Rather than await the panel's decision or appeal, Seale asked the Fifth Circuit to invoke a rarely used procedure. 28 U.S.C. § 1254(2) and Supreme Court Rule 19 allow a federal court of appeals to certify a question to the Supreme Court, bypassing (to an extent) the usual appellate process. The procedure is not commonly used; only four cases certified have been accepted by the court in more than sixty years, the last one in 1981. Nevertheless, on Seale's motion, a majority of the Fifth Circuit agreed to certify the question of whether section 3281 or 3282 is controlling for a kidnapping that occurred in 1964.

Judge Harold DeMoss, writing for the majority, premised certification both on the unusual posture of the particular case and its implications for the broader considerations at issue, noting that the government is investigating several other cases from the 1960s that may raise the same question of time limits. Writing for the four dissenters, Chief Judge Edith Jones noted that the Supreme Court was unlikely to take the case, that the Department of Justice had not made it clear that other cases involving the same question are in the pipeline, as the majority had contended, and that certification was inappropriate when the panel might dispose of the case on other grounds on remand.

It is in the discretion of the Supreme Court to answer certified questions or not.

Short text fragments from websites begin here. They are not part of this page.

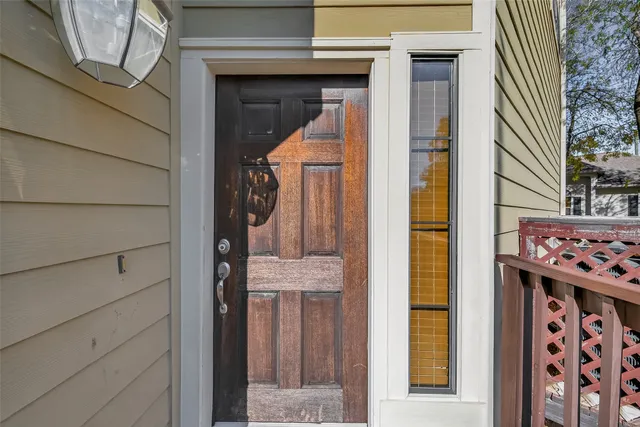 a view of entryway with stairs and a rug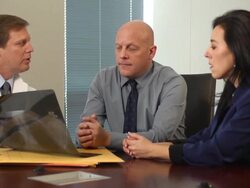 Male Doctor Gives Radiology Results to Couple Stock Footage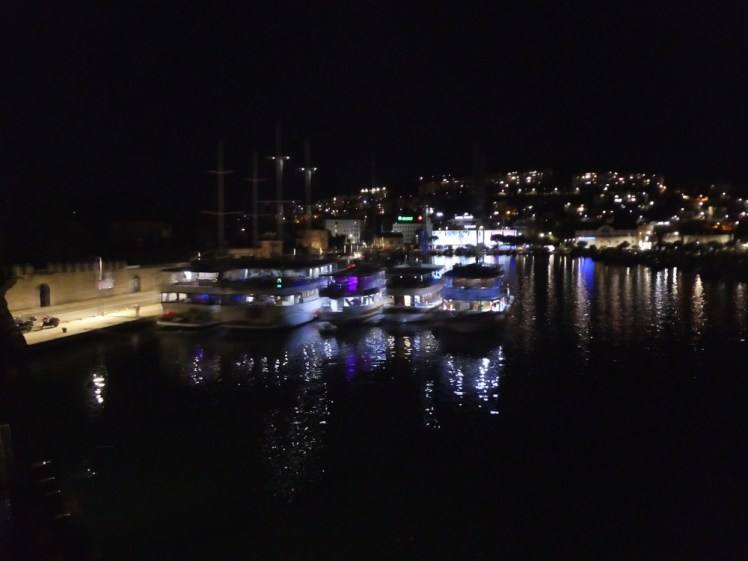 Three massive party boats moored alongside each other to make one giant floating party club.
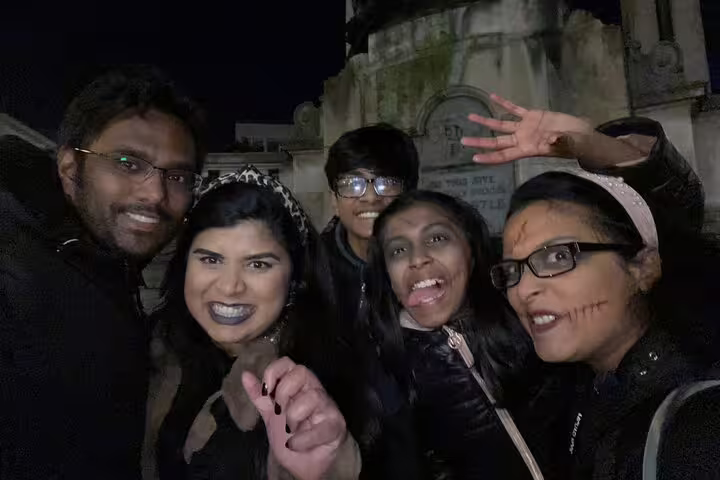 Group of five friends in Halloween makeup posing at night near cemetery during Liverpool ghost tour
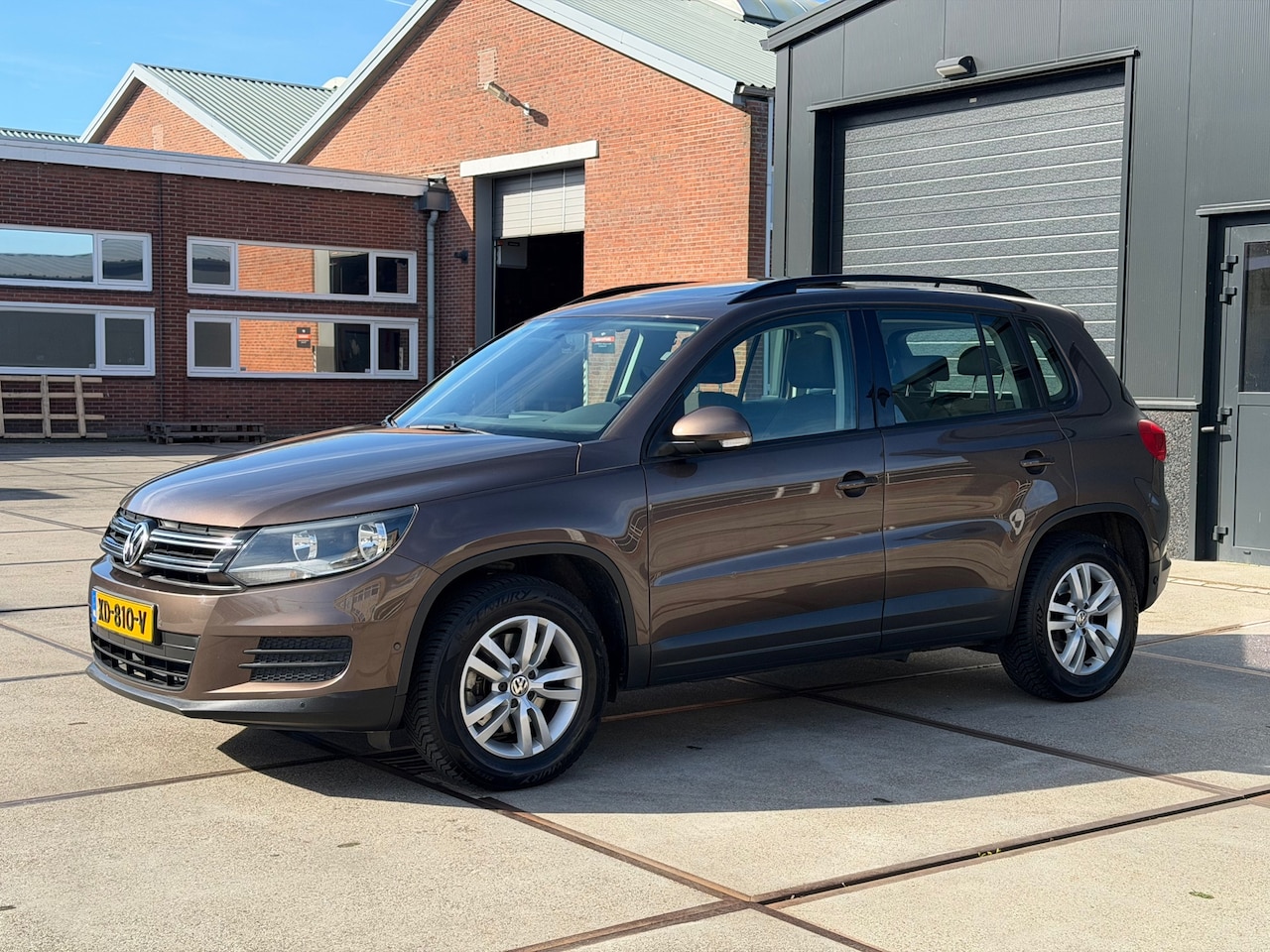 Volkswagen Tiguan - 1.4 TSI Sport&Style Panoramadak Navi Trekhaak - AutoWereld.nl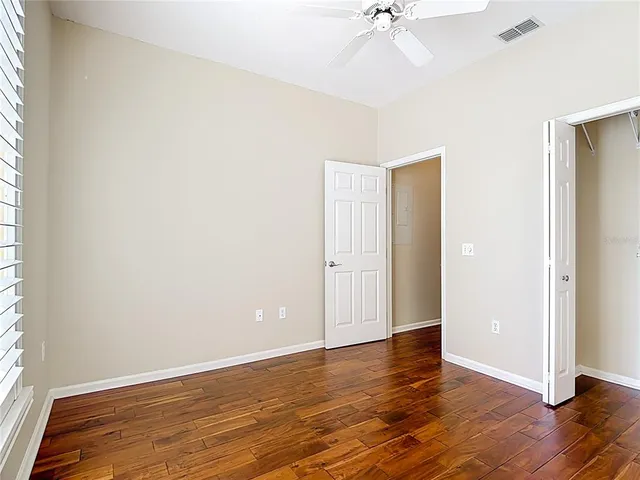 a bathroom with a granite countertop sink toilet mirror and bathtub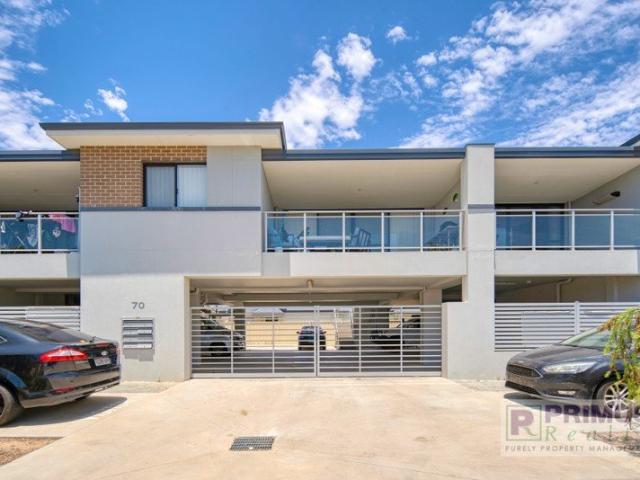 UNFURNISHED modern first floor apartment with secure parking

The court has indicated that such actions are disfavored, and it has rarely taken such cases, but such cases have been taken before.

==Supreme Court dismissal==
The Supreme Court dismissed the certified question on November 2, 2009. In a statement respecting the dismissal joined by Justice Antonin Scalia, Justice John Paul Stevens wrote:

This certificate presents us with a pure question of law that may well determine the outcome of a number of cases of ugly racial violence remaining from the 1960s ... [and which is] narrow, debatable, and important. I recognize that the question reaches us in an interlocutory posture, ... [y]et I see no benefit and significant cost to postponing the question’s resolution. A prompt answer from this Court will expedite the termination of this litigation and determine whether other similar cases may be prosecuted. In these unusual circumstances, certification can serve the interests not only of legal clarity but also of prosecutorial economy and the proper administration and expedition of judicial business.

The case will now return to the District Court for consideration of the residuum of issues, per the Fifth Circuit's original en banc decision.